> Task to complete
Every line of the listing should be transcribed exactly, with nothing left out.

> Material provided
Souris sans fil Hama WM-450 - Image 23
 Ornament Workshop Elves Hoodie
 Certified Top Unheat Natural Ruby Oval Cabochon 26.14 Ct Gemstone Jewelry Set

> Task output
Souris sans fil Hama WM-450 - Image 23
 Ornament Workshop Elves Hoodie
 Certified Top Unheat Natural Ruby Oval Cabochon 26.14 Ct Gemstone Jewelry Set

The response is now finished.